EXERCISE DIRECTIONS: The entire listing, reproduced exactly and stripped of images, is the expected output.

DATASET RECORDS:
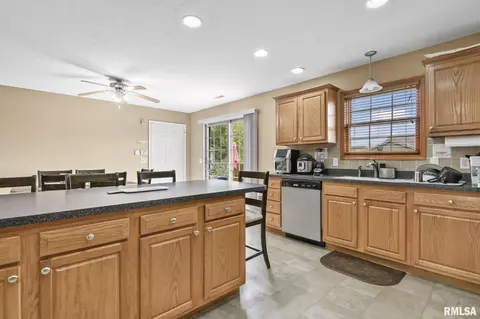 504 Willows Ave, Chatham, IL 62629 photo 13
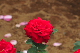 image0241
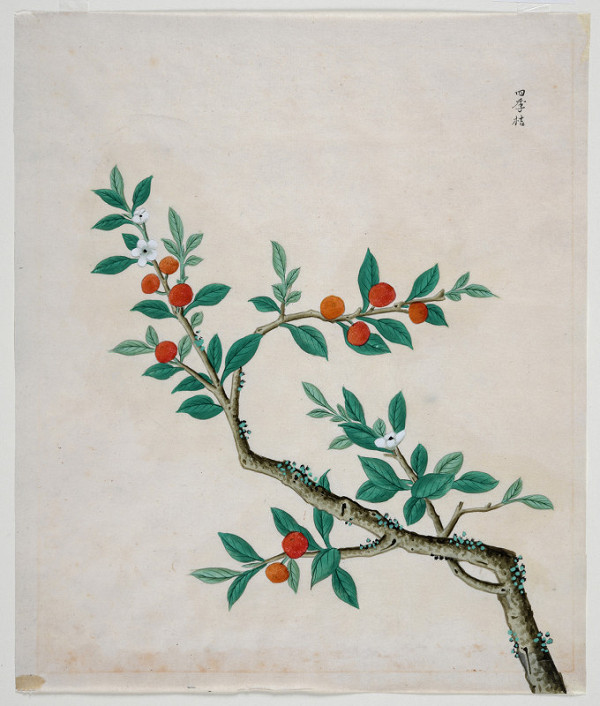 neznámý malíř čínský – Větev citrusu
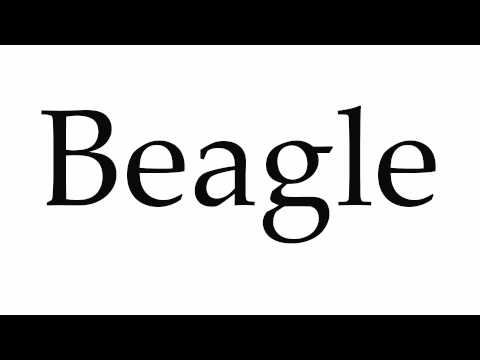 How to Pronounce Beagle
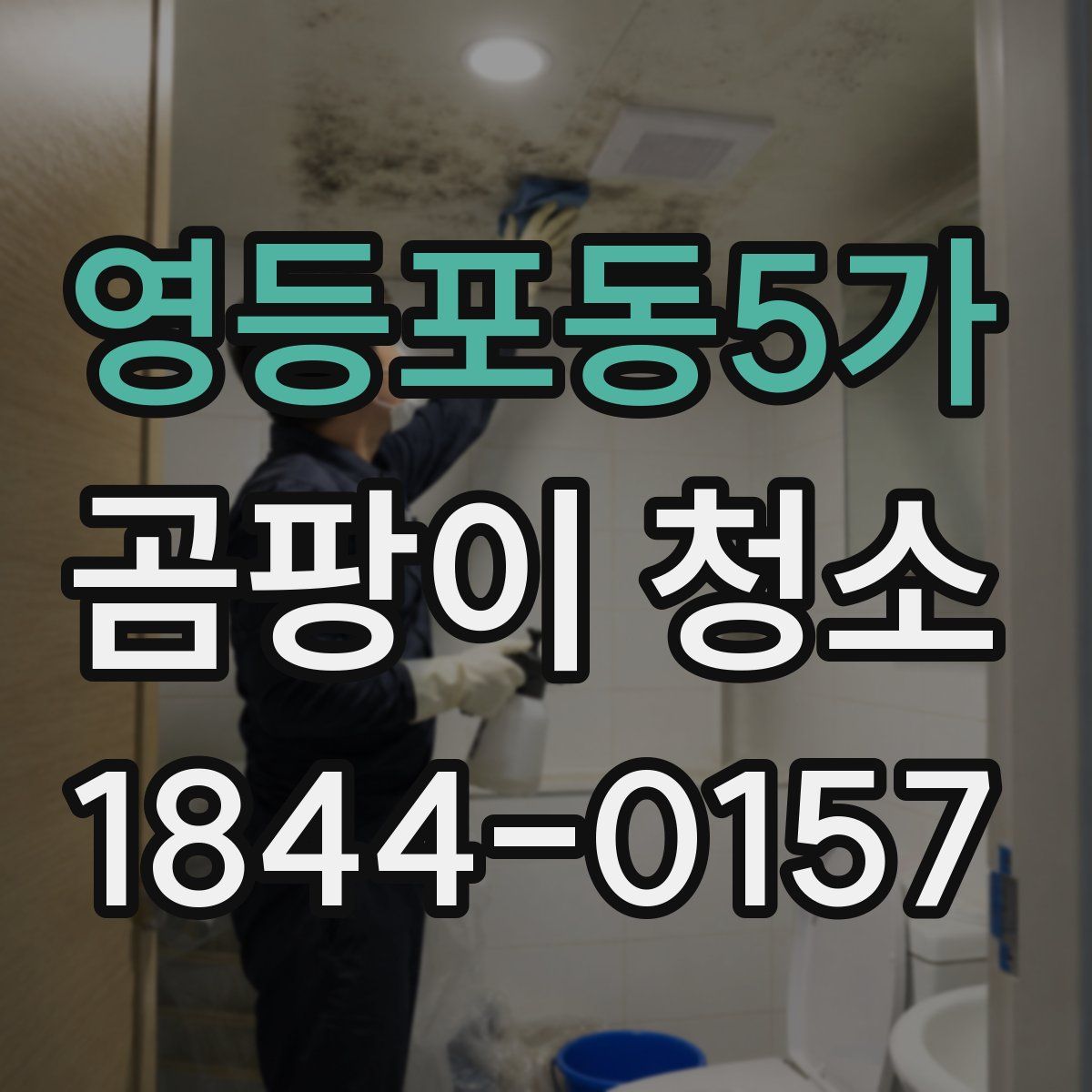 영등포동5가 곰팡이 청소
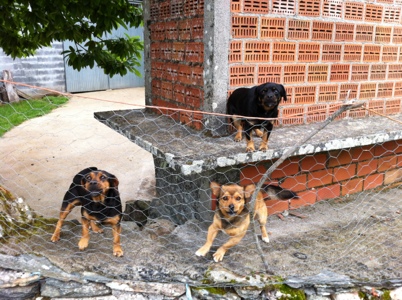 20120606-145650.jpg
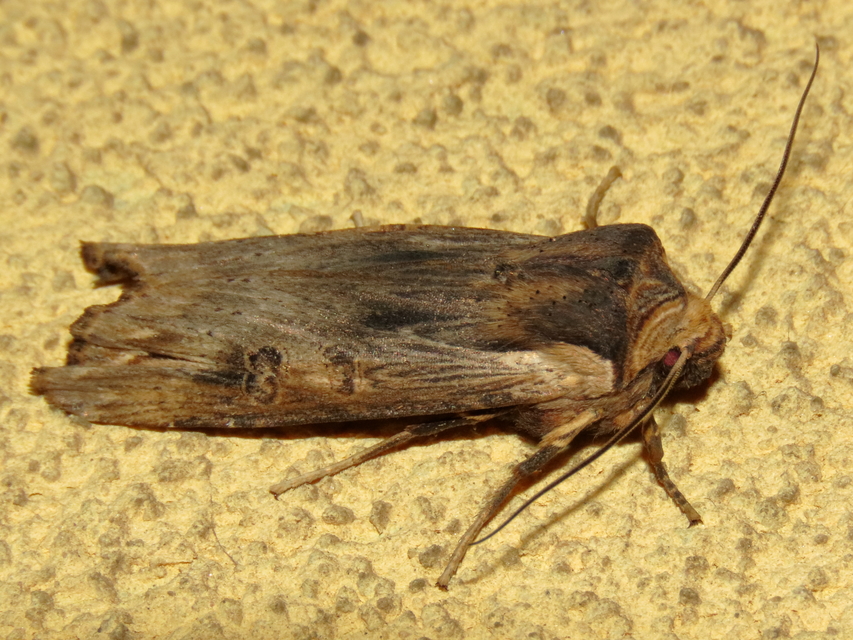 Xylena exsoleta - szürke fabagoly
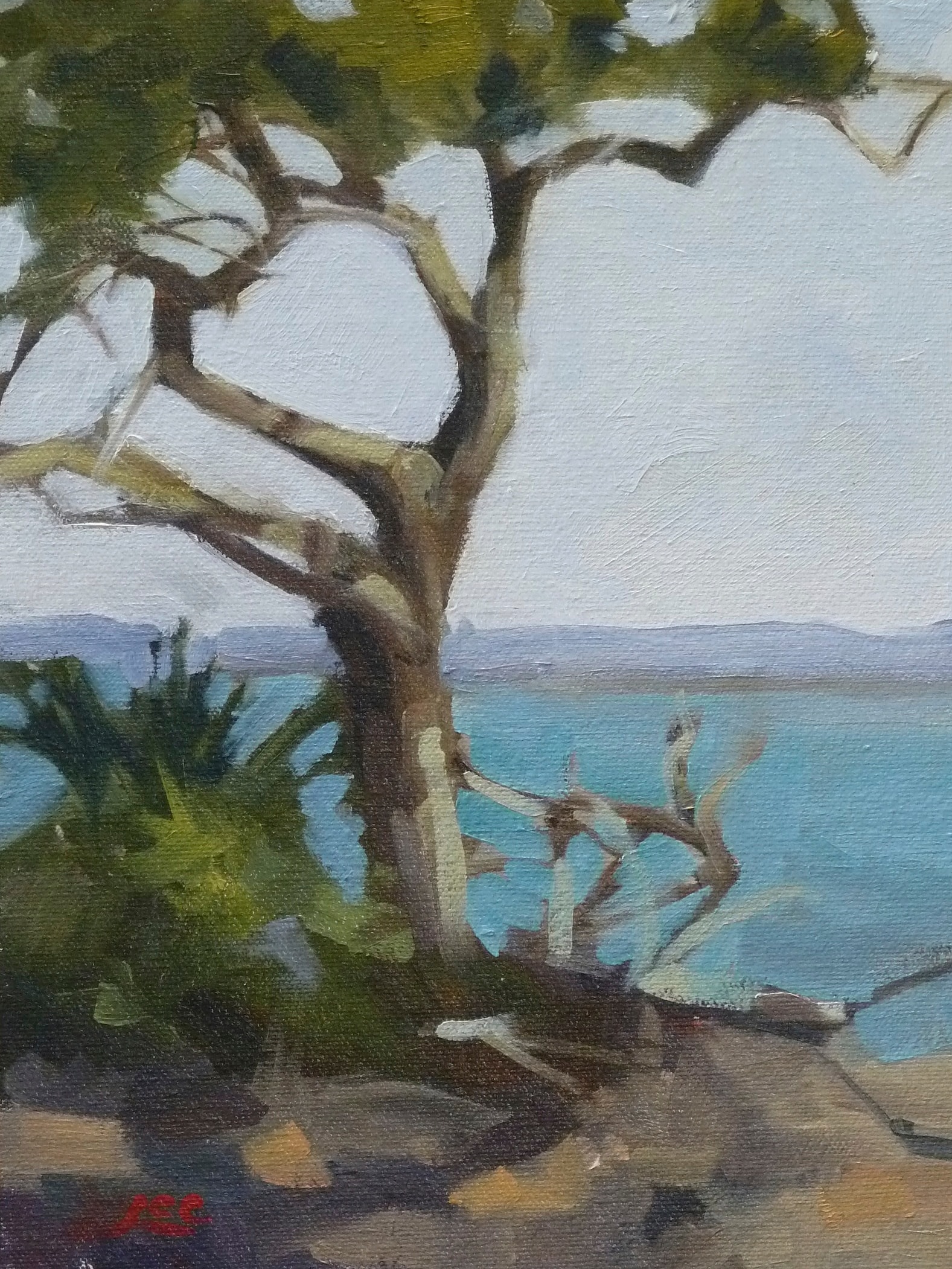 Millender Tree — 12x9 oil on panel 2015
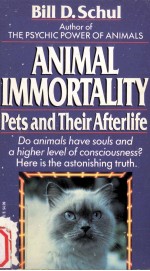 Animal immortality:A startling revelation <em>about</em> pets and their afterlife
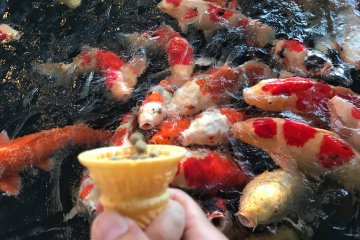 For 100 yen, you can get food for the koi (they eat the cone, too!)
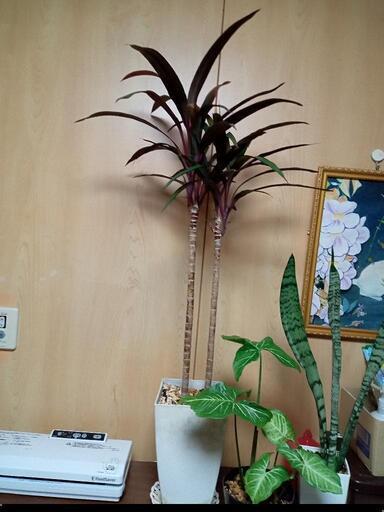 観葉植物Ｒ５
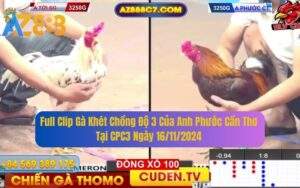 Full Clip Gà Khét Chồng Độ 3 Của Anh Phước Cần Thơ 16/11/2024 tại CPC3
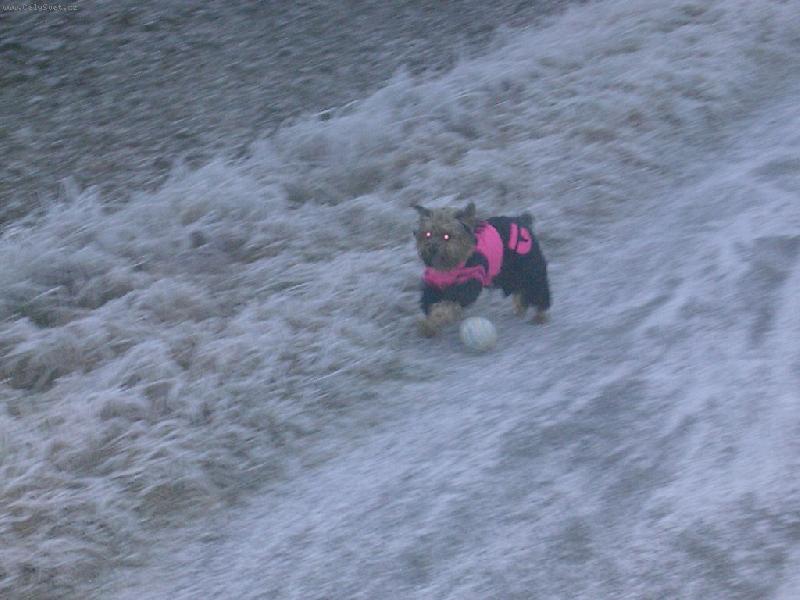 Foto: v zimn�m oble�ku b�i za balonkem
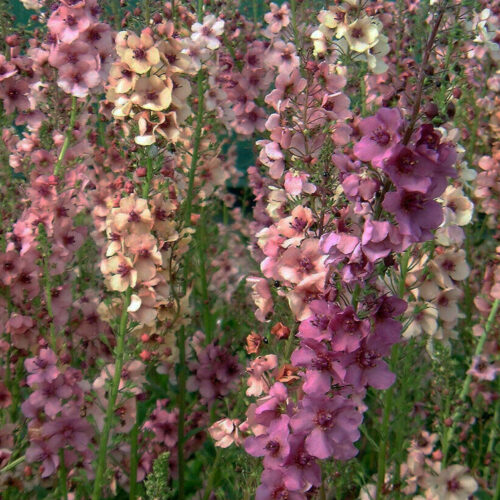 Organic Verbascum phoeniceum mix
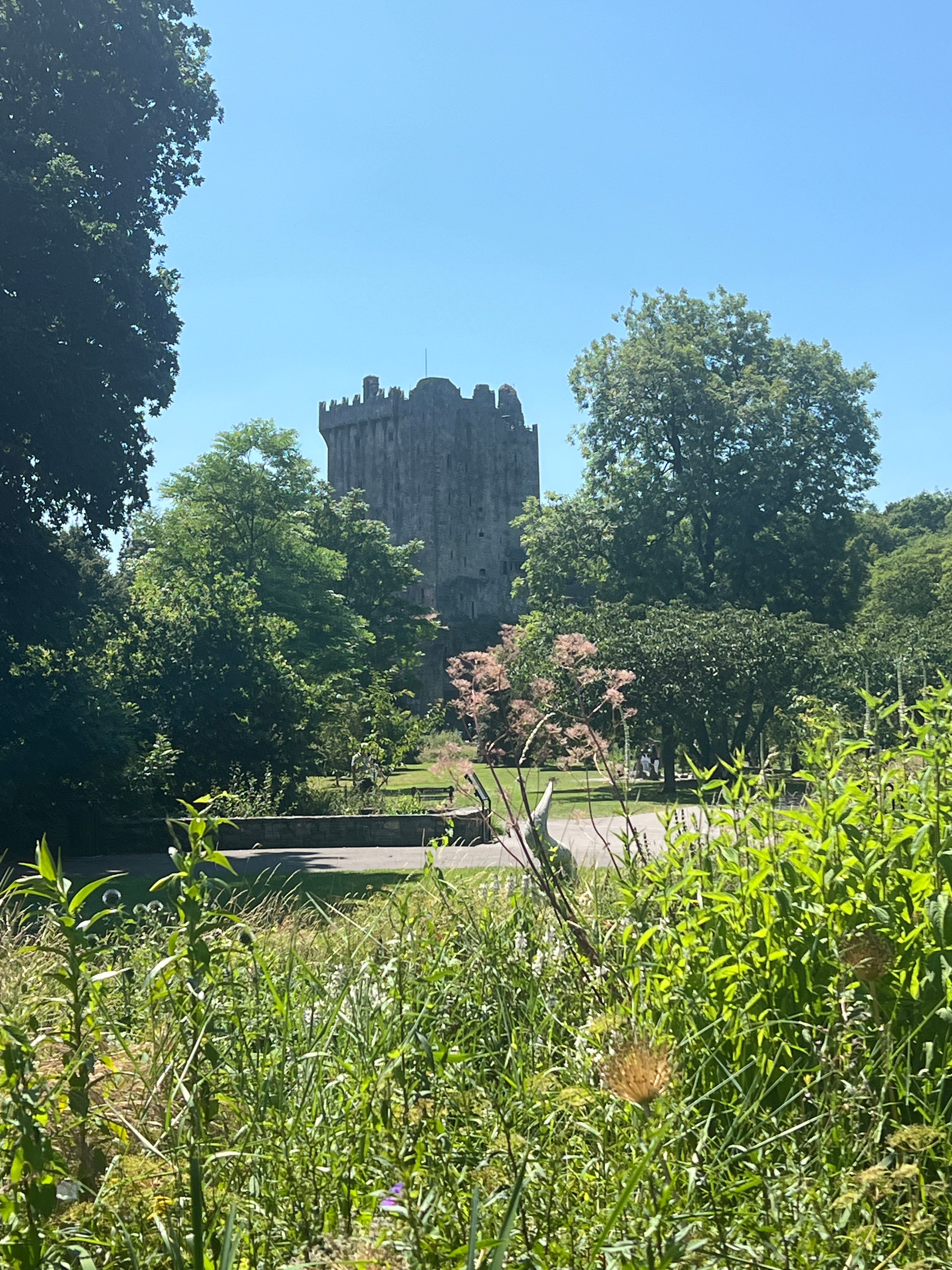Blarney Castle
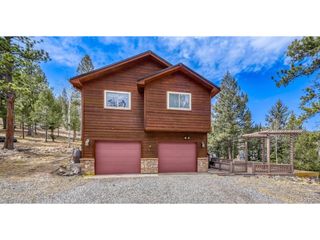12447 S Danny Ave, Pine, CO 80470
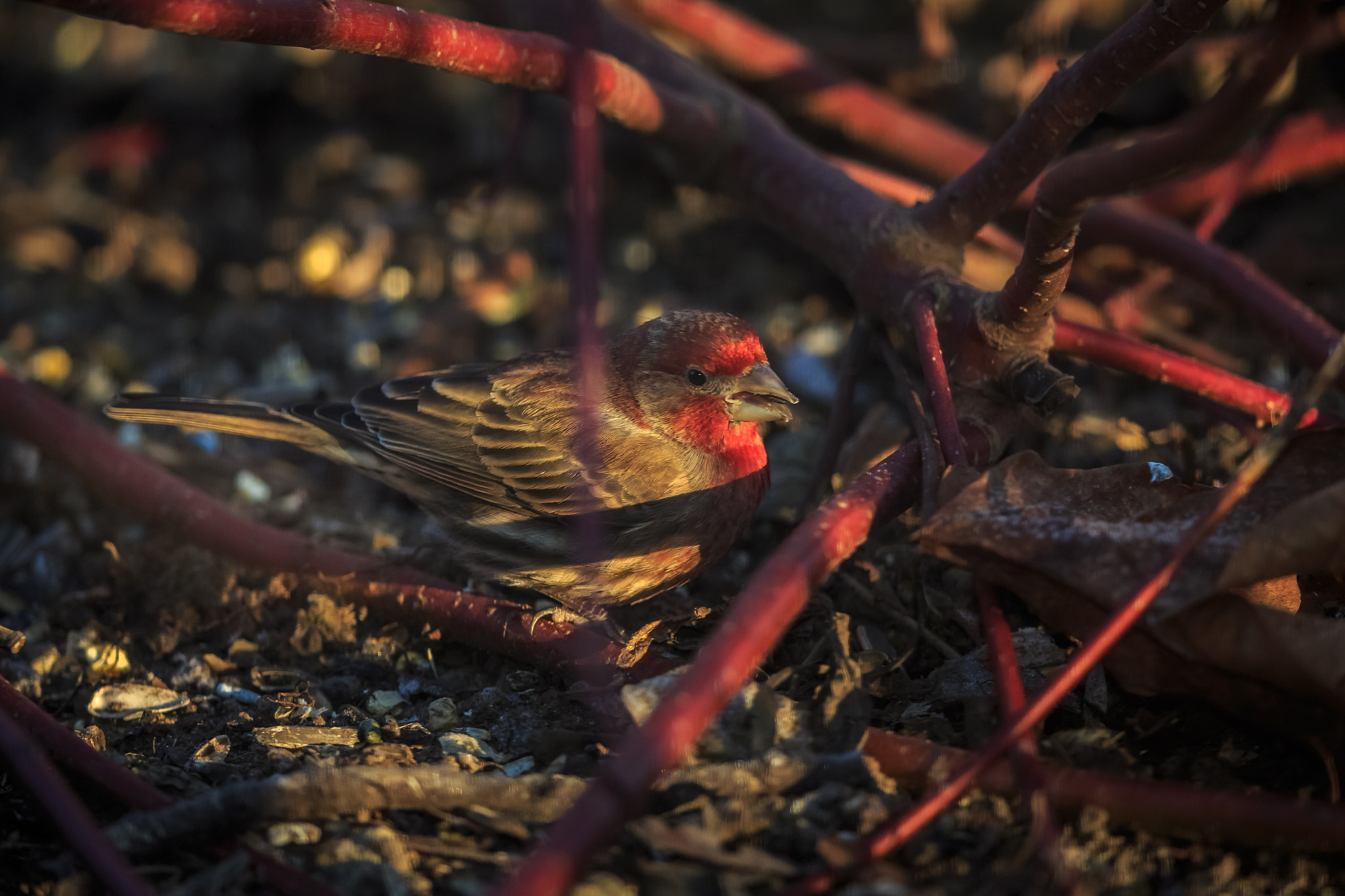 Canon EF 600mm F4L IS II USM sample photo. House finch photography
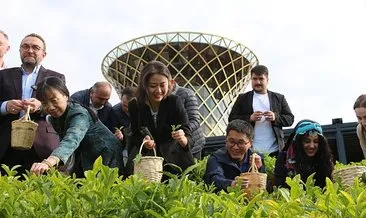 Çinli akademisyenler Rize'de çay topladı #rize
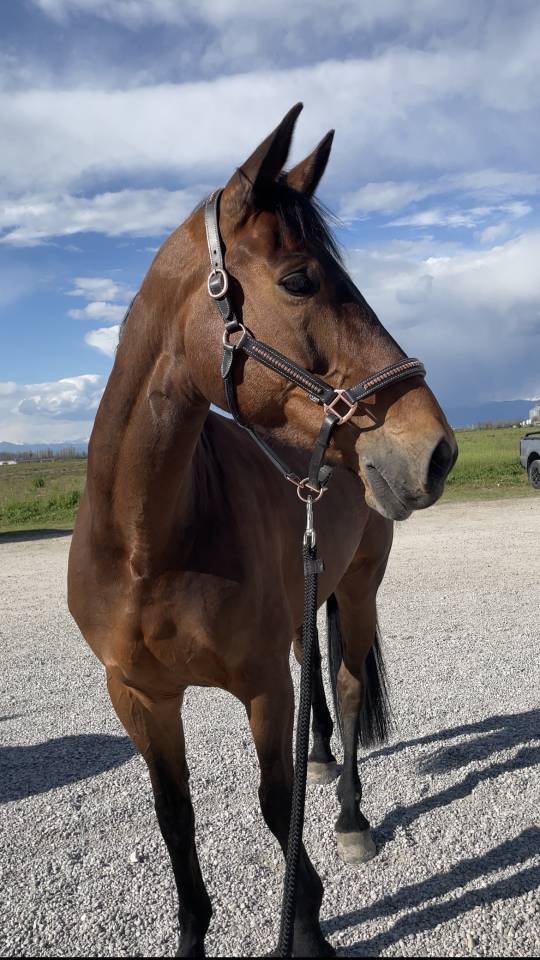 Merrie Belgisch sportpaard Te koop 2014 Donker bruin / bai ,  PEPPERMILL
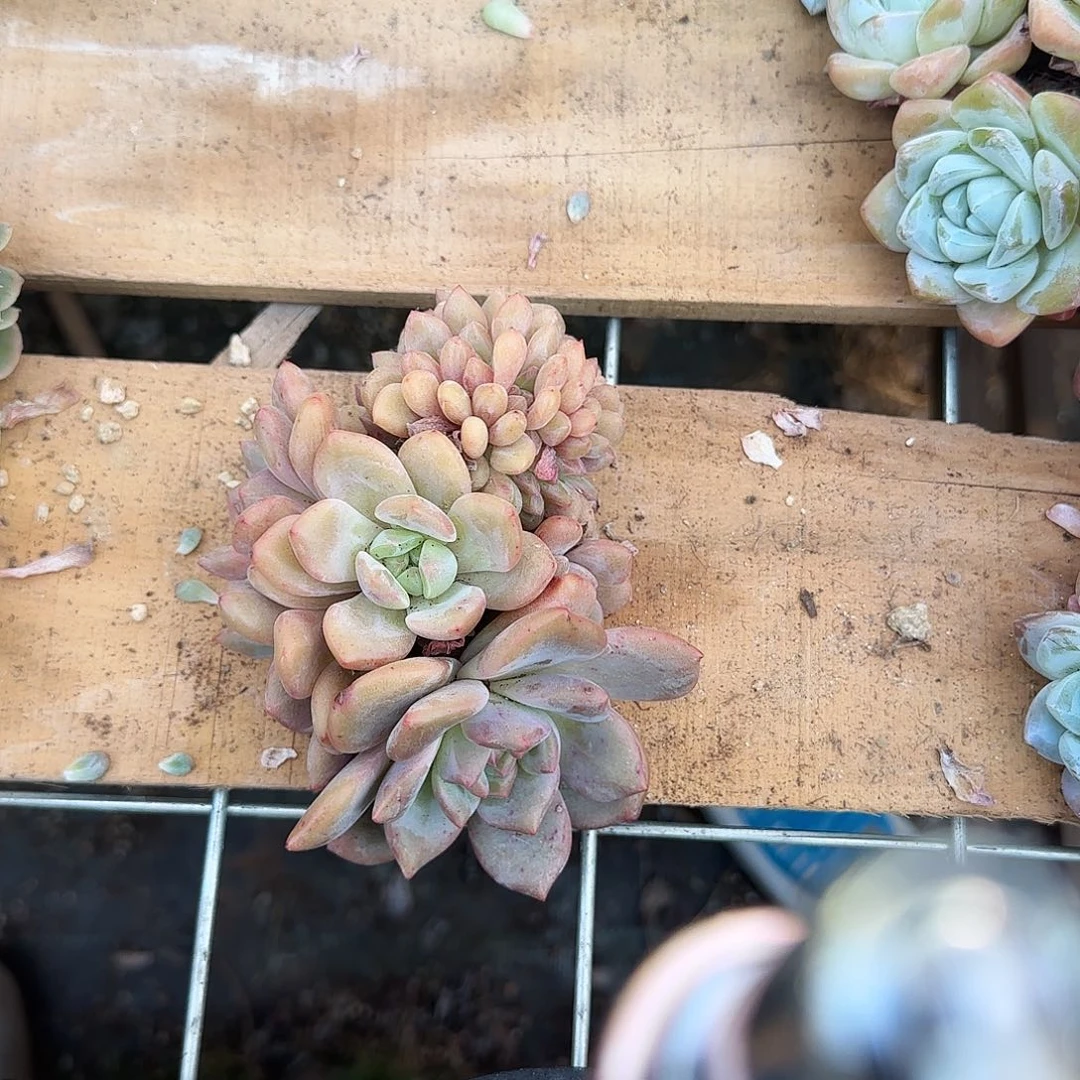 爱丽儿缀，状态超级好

SOLUTION FOR THIS TASK:
 504 Willows Ave, Chatham, IL 62629 photo 13
 image0241
 neznámý malíř čínský – Větev citrusu
 How to Pronounce Beagle
 영등포동5가 곰팡이 청소
 20120606-145650.jpg
 Xylena exsoleta - szürke fabagoly
 Millender Tree — 12x9 oil on panel 2015
 Animal immortality:A startling revelation <em>about</em> pets and their afterlife
 For 100 yen, you can get food for the koi (they eat the cone, too!)
 観葉植物Ｒ５
 Full Clip Gà Khét Chồng Độ 3 Của Anh Phước Cần Thơ 16/11/2024 tại CPC3
 Foto: v zimn�m oble�ku b�i za balonkem
 Organic Verbascum phoeniceum mix
Blarney Castle
12447 S Danny Ave, Pine, CO 80470
 Canon EF 600mm F4L IS II USM sample photo. House finch photography
 Çinli akademisyenler Rize'de çay topladı #rize
 Merrie Belgisch sportpaard Te koop 2014 Donker bruin / bai ,  PEPPERMILL
 爱丽儿缀，状态超级好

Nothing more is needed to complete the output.